Gaining insight into our self and others is a timeless human fascination that has made portraiture an enduring practice; however, limitations on resources to produce portraits has meant that historically, portraiture was accessible mainly to the privileged. Fortunately this has begun to change over time.
According to collections manager Paige McCray, “If a portrait is in fact meant for posterity, then it is an idea of whose memory, history, and life deserves to be preserved. Portraits were formerly a luxury for those who could afford to commission them. But they have transformed to include people of all backgrounds, giving value to those whom history has overlooked (such as Christie Tirado's Dolores Del Rio), and those who have made their own history. This is one of the most exciting aspects of the exhibition, in my opinion.”
Just as portraits have evolved to be more inclusive of human subjects, they have also more prominently featured animal subjects. Formerly included as background details in a human’s portrait, animals have now become the primary focus of their own portraits - their likeness and expressions worthy of documenting in their own right. Our interest in animal subjects, as Paige points out, is based in our tendency to empathize with animals; “There is something to their expressions that reminds us of ourselves, and yet remains distinct (demonstrated in Kirsten Flaherty's Pit Bull II).”
In the process of capturing the subject’s essence, “Contemporary artists don't limit themselves to a literal description of the eyes, mouth, etc. but prefer to employ various contextual details. Sometimes hiding parts of the face reveals more than including it all. And sometimes a portrait doesn’t need any facial features to represent a person (for example, Tomiyuki Sakuta's Bjorn & Kiki).”

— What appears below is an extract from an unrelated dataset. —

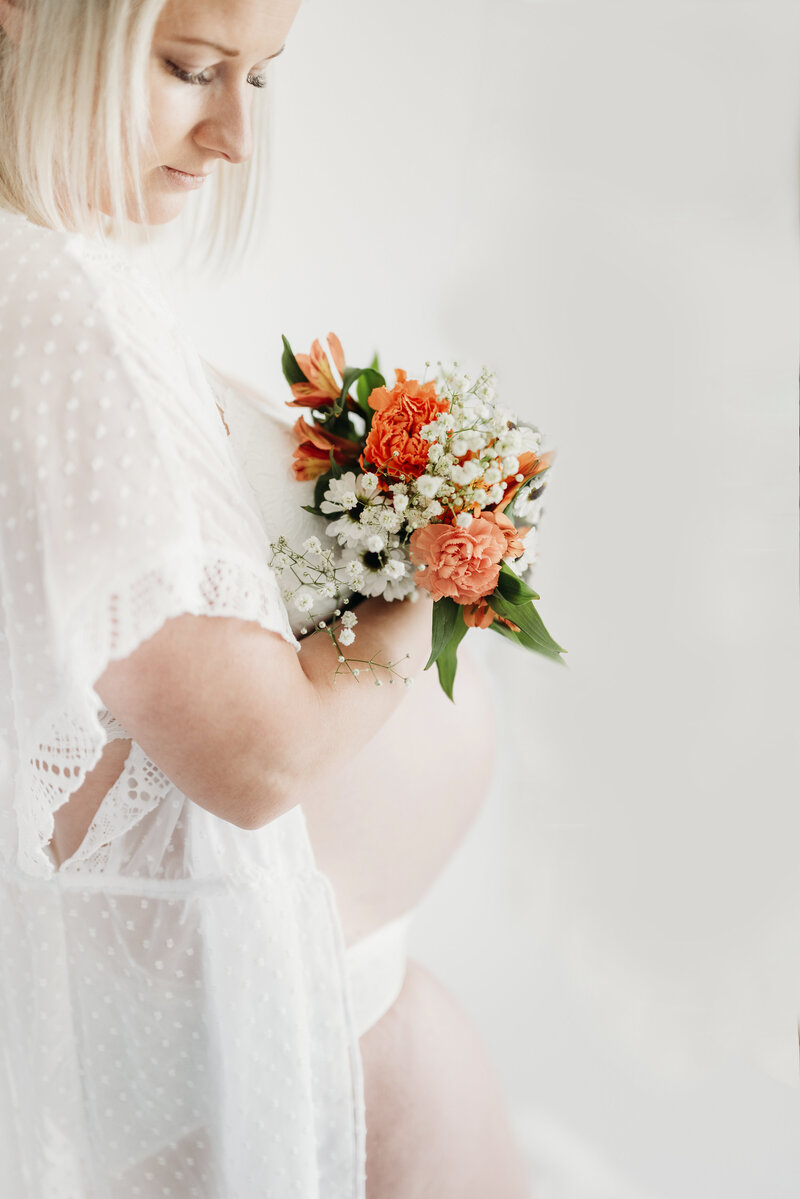 Studio maternity photo of a pregnant woman holding a bouquet of orange and white flowers against her bare belly, captured by a Kansas City maternity photographer.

Both contemporary and antique artists have more than likely been drawn to self-portraiture at some point, for several reasons. One is that for an artist or student seeking to practice human likeness, their own face is a readily available (and free) model. Even more compelling is the fascination with the self; in the same way that portraits aim to reveal insight into a subject, the artist may also seek to gain insight into themselves.